Talking tech since 2003

It’s been a while since most tech websites have been able to write anything positive about Facebook. They’ve had a miserable and humiliating few years from a news point of view, during which they’ve been accused of failing to maintain basic privacy standard when handling the private information of their users, and even allowing their platform to be used to meddle in the 2016 Presidential Election in the United States of America via their failure to regulate the activities of Cambridge Analytica. CEO and founder Mark Zuckerberg has managed to stay in the captain’s chair throughout these scandals, but there’s no denying that his chair got hot for a while. There were – and still are – major Facebook investors and shareholders who would prefer to see somebody else in charge of the day to day running of the company.

Even aside from the scandals, most of the new features and new projects Facebook has been working on recently appear to have been focused on making the company more money as opposed to making the user experience better for the average user. As an example, they’ve moved into the online slots business via their High 5 Casino. That’s probably great news for the million-or-so Facebook users who enjoy casino and slots, but not for the other 1.6 billion who aren’t interested. As an industry online slots casinos make billions of dollars each year and so it’s easy to see why Facebook would want a slice of that pie, but it does nothing for the people who just use the platform to stay in touch with their friends. Nor does their attempt to break into the cryptocurrency market with the long-awaited Facebook Libra wallet – although that project may ultimately be abandoned before it even sees the light of day.

In light of all the above, we’re happy to be able to bring you the news that Facebook is finally adding a feature that many of its users have been requesting for years. It’s not a major upgrade, but it’s a nice thing to have – and it’s a proper ‘quiet’ mode. If you’re an iPhone user, you may already have it – it was rolled out as part of the most recent update for the iOS version of Facebook a few days ago. Android users will have to wait a little longer before they can take advantage of it – possibly until early May – but the update has been sanctioned and approved, and its definitely on its way. Facebook is, without a doubt, one of the noisiest apps we have on our phones because of all of the notifications it generates – but we can turn them off one at a time or altogether if we please. What is this ‘quiet mode,’ then, and how does it differ from simply choosing not to receive notifications?

In the existing (or previous) versions of Facebook, ‘silencing’ notifications would only stop them from being pushed through to your lock or home screen on your phone. They would still be there staring you in the face whenever you chose to open the app, and therefore you’d probably feel compelled or obligated to open them and find out what’s being said to you or what’s going on with your friends and contacts. With this new ‘quiet mode,’ even that stops happening. Instead of being a new feature that you’ll find in your general settings, this one is hidden away under the ‘your time on Facebook’ sub-heading, and it’s connected to the statistics you’ll find underneath that tab. For want of a better phrase, Facebook is going to take a more pro-active role in pointing out how much time you spend on the platform, and offering you the chance to step back and take a break as and when you feel it’s eating up too much of your day.

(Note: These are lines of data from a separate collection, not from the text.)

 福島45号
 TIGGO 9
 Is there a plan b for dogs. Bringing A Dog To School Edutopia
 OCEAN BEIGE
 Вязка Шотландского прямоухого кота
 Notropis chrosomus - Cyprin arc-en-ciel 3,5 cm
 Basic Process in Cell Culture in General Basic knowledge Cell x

When ‘quiet mode’ is activated, you won’t receive any push notifications at all, and you also won’t see little red badges telling you how many notifications or messages you have. You’ll also have the option of setting the mode to activate automatically if you wish. You can manually turn it on if the constant stream of notifications is getting too much for you, or you can choose to have it automatically turn on at a specific time, and then turn off again later. A good example of when this might be desirable would be when you’re trying to get a good night’s sleep or when you’re starting your working day, and you don’t want to be disturbed by anything that isn’t work-related. From a better night’s sleep to better productivity while you’re awake, this is a small change from Facebook that could bring big positives to those of us who just can’t resist opening up the app when we see a notification, and then losing the next ten minutes scrolling aimlessly through our news feeds.

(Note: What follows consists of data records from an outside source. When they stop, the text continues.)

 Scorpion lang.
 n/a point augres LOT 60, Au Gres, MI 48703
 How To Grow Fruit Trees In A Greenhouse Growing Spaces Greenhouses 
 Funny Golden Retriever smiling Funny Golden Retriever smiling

The new ‘quiet mode’ is robust enough to resist you when you attempt to interfere with it. Once it’s turned on, any attempt to log in to Facebook via the app will take you to a purpose-built landing page, at which point you’ll be reminded that you’ve chosen to turn quiet time on, and asked if you’re sure you want to proceed before being taken to your usual home page. It comes as part of a total redesign of the ‘your time on Facebook’ section, which will include a better breakdown of the data contained there. Instead of being told how much time you spend on the app in any 24 hour period, you’ll be told how much time you spend on during the day as opposed to during the night, and which days of the week are the most active to you. Once a pattern has been identified, Facebook hopes that the strategic employment of the ‘quiet time’ mode might help you to regulate your relationship with the app better.

The feature doesn’t completely restrict access to Facebook. From a Facebook point of view, that would make no business sense whatsoever – they still want and need people to use the app so they can make advertising money! It does, however, give you the chance to take a step back from the stress that often comes with seeing and hearing your phone repeatedly light up with notifications when you have other things to concentrate on – and that has to be considered a good thing.